From Photo to Speaker: The Ultimate Guide to SadTalker AI

/ Python Cool Stuff

Contents hide

1 🌟 Why SadTalker is a Game-Changer

2 🛠️ Getting Started: SadTalker Tutorial Installation Guide

3 🛠️ Getting Started: Installation Guide

3.1 1. Prerequisites

3.2 2. Setup the Environment

3.3 3. Download the “Brain” (Models)

4 🎬 Tutorial: Generating Your First Talking Avatar

4.1 Step 1: Prepare Your Files

4.2 Step 2: Run the Inference

4.2.1 ⚡ The Magic Command: Bringing Your Portrait to Life

4.3 🔍 Command Breakdown

4.4 1. python inference.py

4.5 2. --driven_audio french-female.wav

4.6 3. --source_image Lilach_face.png

4.7 4. --enhancer gfpgan

4.8 🔄 The SadTalker Workflow

4.9 💡 Quick Troubleshooting for your Demo

5 🧍 Beyond the Headshot: Full-Image Animation

5.1 🛠️ The Key Ingredient: --preprocess full

5.1.1 The Command Structure

5.2 💡 Important Considerations for Full Mode

6 ✨ Final Thoughts: The Future of Digital Expression

7 ❓ Frequently Asked Questions (FAQ)

7.1 What is SadTalker AI?

7.2 Do I need a GPU to run SadTalker?

7.3 How do I make the output video look high quality?
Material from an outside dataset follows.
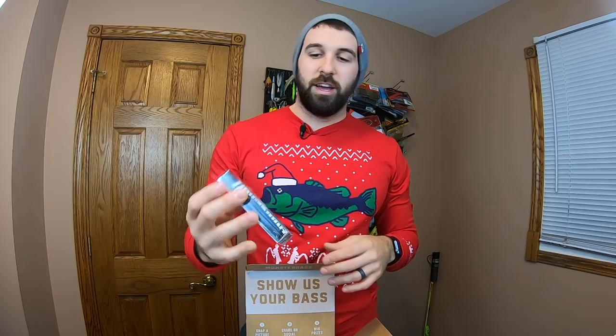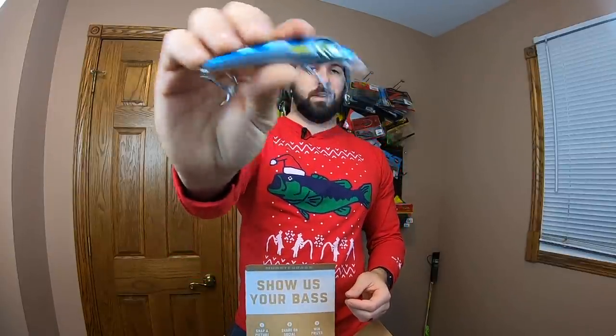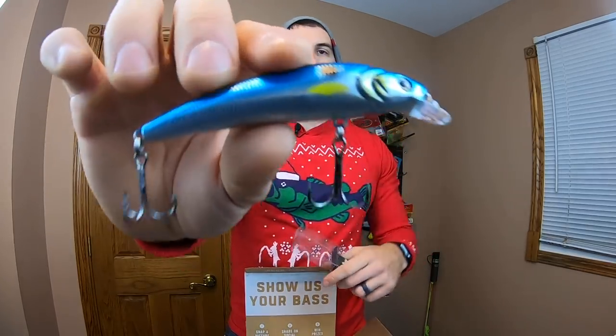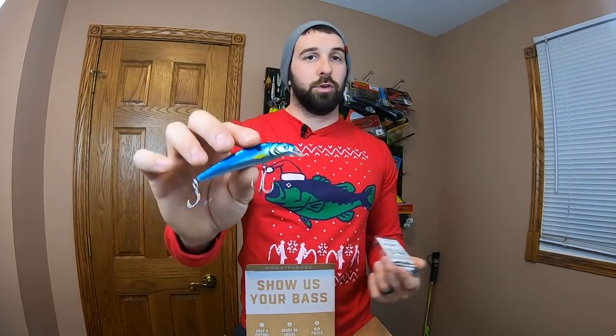First lure out of the Monster Bass box: a Lunker Hunt jerkbait in classic silver and blue. This is going to be money. It's got a rattle and a short lip — it's meant for just ripping. Jerkbait is a pretty classic fall, spring, even winter bait to be using. The blue and silver color with a little chartreuse gill often works really well. It's half ounce, gets down to about six feet if you're swimming it fast. Or you can do the rip-and-stop method — rip it and let it float, since it's a floating bait. Let it slowly float up to the surface, and often that's when you get those strikes. I've been trying to get into using more jerkbaits.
7.4 Can I prevent the head from moving too much?

7.5 Does SadTalker work with different languages?

7.6 How do I animate a full-sized photo instead of a crop?

7.7 What file formats does SadTalker support?

7.8 How can I fix “Out of Memory” errors?

7.9 What is “Pose Style” in SadTalker?

7.10 Is SadTalker free to use?

Last Updated on 26/02/2026 by Eran Feit

SadTalker tutorial: Bringing your portraits to life has never been easier. Imagine taking a static photo of a historical figure, a digital character, or even yourself, and making it speak with realistic facial expressions and head movements. In the past, this required a professional animation studio. Today, thanks to the SadTalker open-source project, you can achieve professional results for free on your own computer.

Imagine taking a static photo of a historical figure, a digital character, or even yourself, and making it speak with realistic facial expressions and head movements. In the past, this required a professional animation studio. Today, thanks to SadTalker, you can do it for free on your own computer.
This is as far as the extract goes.